Sunday, December 5, 2010
This one is for Grandma G.--part 7 of 10
Tuesday:
Today is the long-awaited day: DH’s return, and my first visit, to Zell am Pettenfirst, the tiny village in Oberösterreich (Upper Austria) where DH’s grandmother, great-grandmother, aunt, and father spent the 10 years after World War II. His Oma just died in August, so it is a bittersweet pilgrimage. From her eulogy I learned that they had been living in what was once Yugoslavia; she spoke German, Croatian, Hungarian, and—after immigrating in the 1950s—English. When ethnic Germans were no longer welcome after the war, they traveled by foot north to this little farming community.
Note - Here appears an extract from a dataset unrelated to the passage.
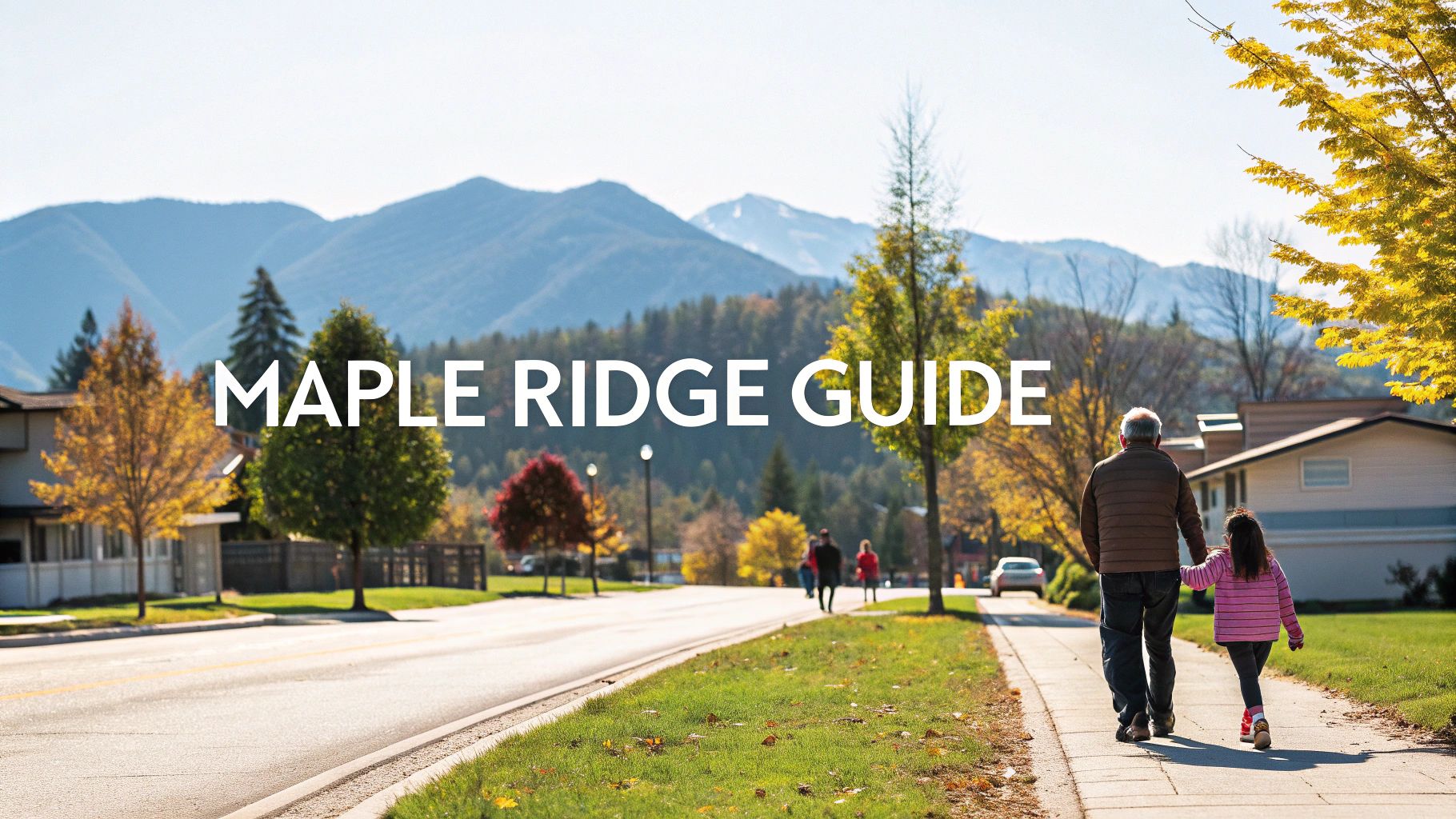 A scenic view of the mountains and forests surrounding a residential area in Maple Ridge, BC.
My father-in-law was only 2 years old. There, Oma helped rebuilt the fire house, destroyed by Allied bombing intended for the nearby railroad station; and everyday she hiked over the Pettenfirst to work the fields. We take pictures of the fire house (seen at left from the bus stop), church, the old school building, and the place where their house used to stand. (By the time the family visited 17 years ago, it had already been torn down.) And of course, we have to hike up the Pettenfirst. At the beginning of this post you can see the town from the hill at the foot of the trail; it takes half an hour to reach the summit. Someone has created a Wald der Kinder (Children’s Wood), with interactive stations all the way up to the top, so on our way down we indulge our inner kids and goof off a little.
We eat dinner that evening with some of DH’s remaining relatives in the Old Country: Oma’s cousin and her husband, and two of their daughters. It is my job to tell them about Oma’s death, which puts a damper on what was otherwise a happy meeting sharing news and photographs of our families. We spend the night at the house of one of the daughters.